Exercise: The listing below has to be output exactly as given, less its pictures.

Given data:
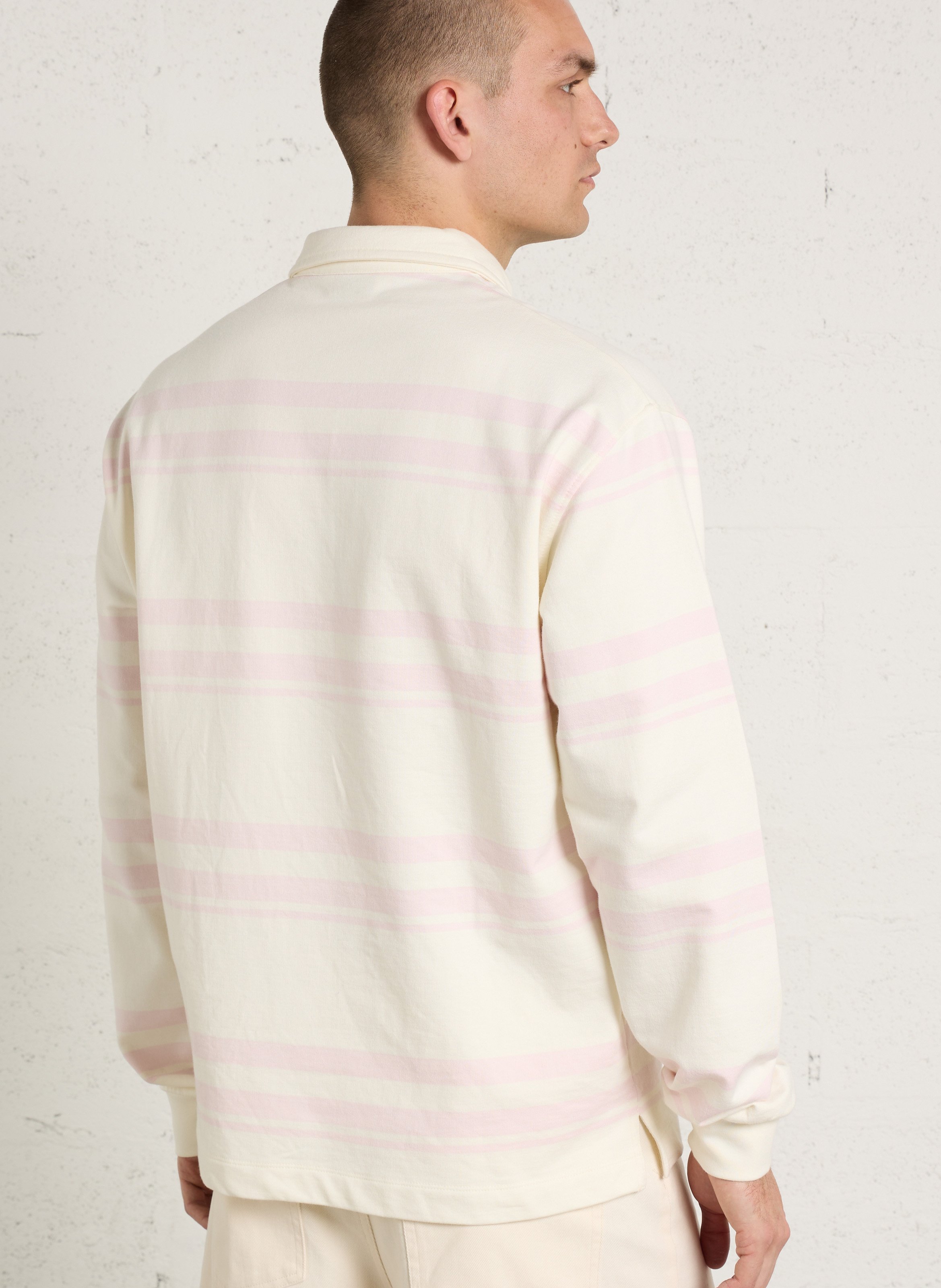 Striped straight organic cotton polo. MINIMUM Pink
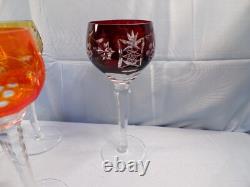 5 Bohemian Cut-to-Clear Crystal Wine Hocks Goblets Ruby Blue Orange Amber Purple 5 Bohemian Cut-to-Clear Crystal Wine Hocks Goblets Ruby Blue Orange Amber Purple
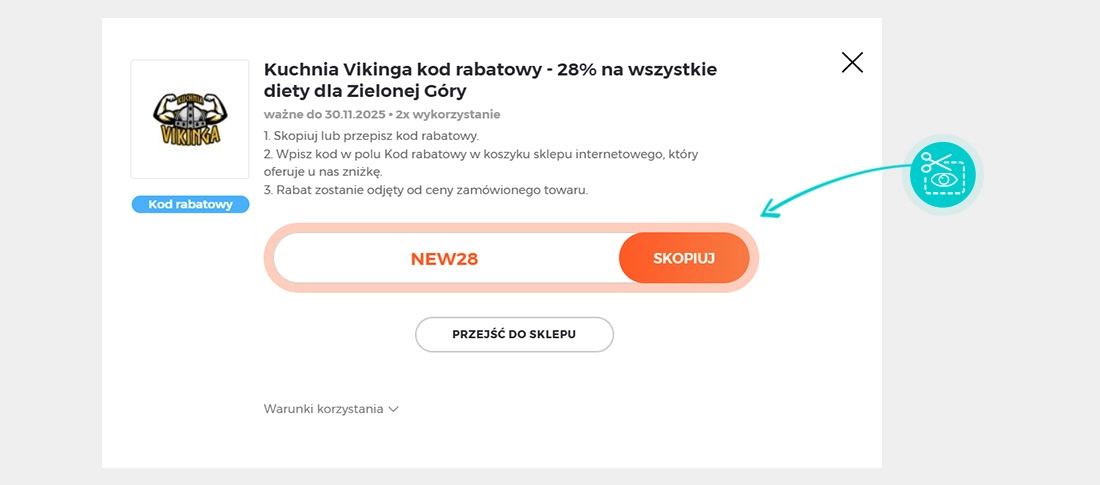Instrukcja jak skopiować kod rabatowy dla Kuchnia Vikinga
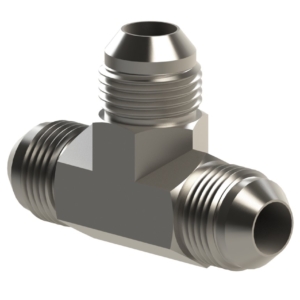 TEE UNION, 1/2" x 1/2" x 1/2" FLARED (37deg) STEEL (for WHEEL MOTOR HOSE ASSY)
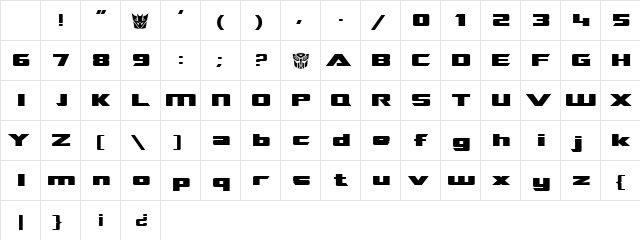 TransRobotics Extended Regular Character Map TransRobotics Extended Regular Character Map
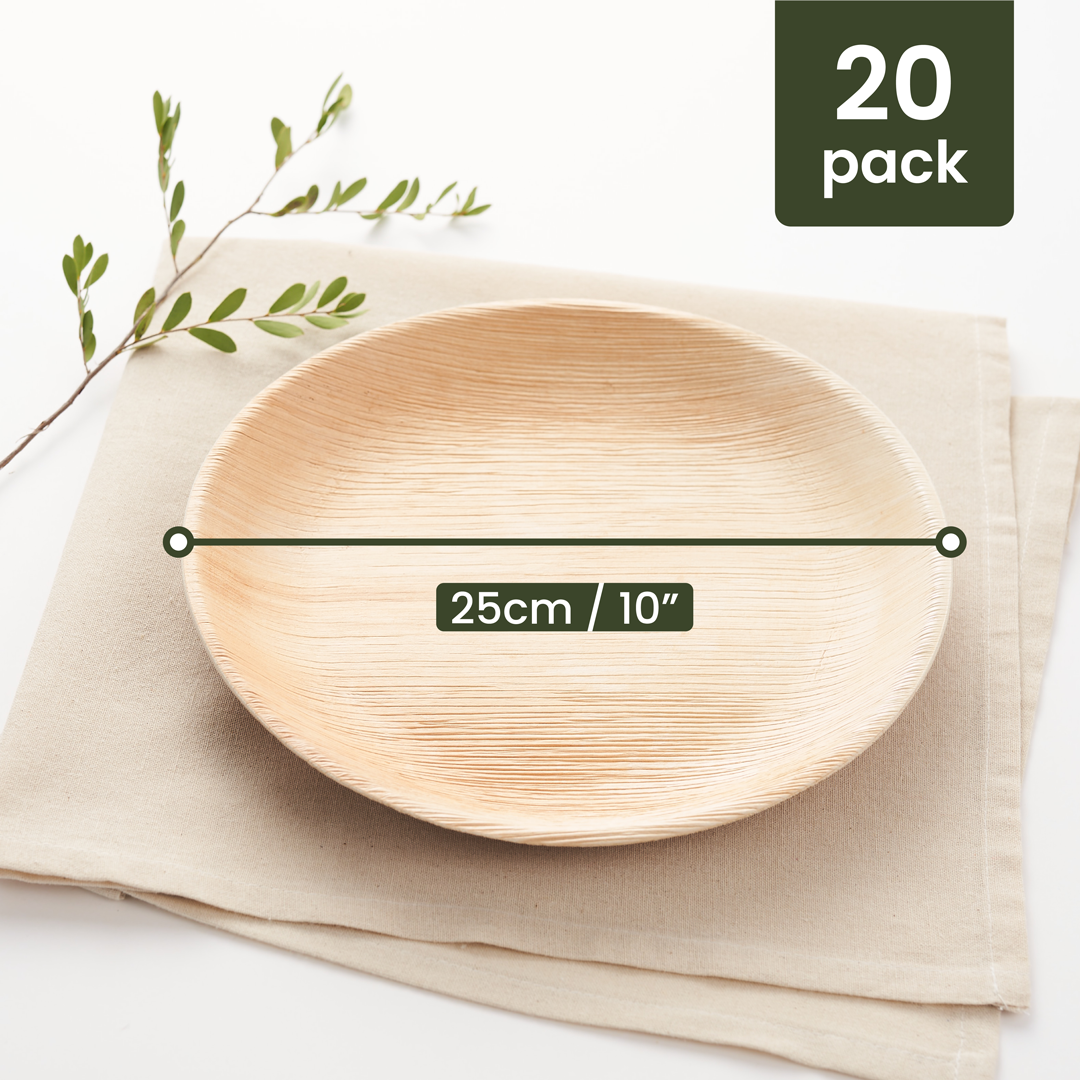 Round Palm Leaf Dinner Plates - 25cm (10")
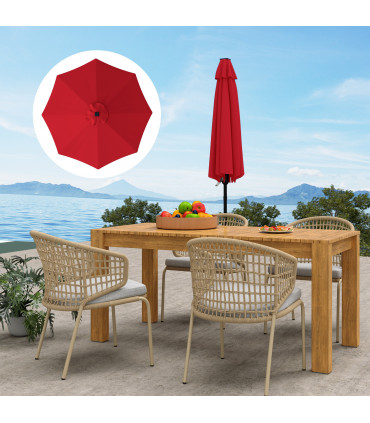Outsunny UPF 50+ Replacement Parasol Canopy Parasol Cover Replacement, Red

Answer section:
 Striped straight organic cotton polo. MINIMUM Pink
 5 Bohemian Cut-to-Clear Crystal Wine Hocks Goblets Ruby Blue Orange Amber Purple 5 Bohemian Cut-to-Clear Crystal Wine Hocks Goblets Ruby Blue Orange Amber Purple
Instrukcja jak skopiować kod rabatowy dla Kuchnia Vikinga
 TEE UNION, 1/2" x 1/2" x 1/2" FLARED (37deg) STEEL (for WHEEL MOTOR HOSE ASSY)
 TransRobotics Extended Regular Character Map TransRobotics Extended Regular Character Map
 Round Palm Leaf Dinner Plates - 25cm (10")
Outsunny UPF 50+ Replacement Parasol Canopy Parasol Cover Replacement, Red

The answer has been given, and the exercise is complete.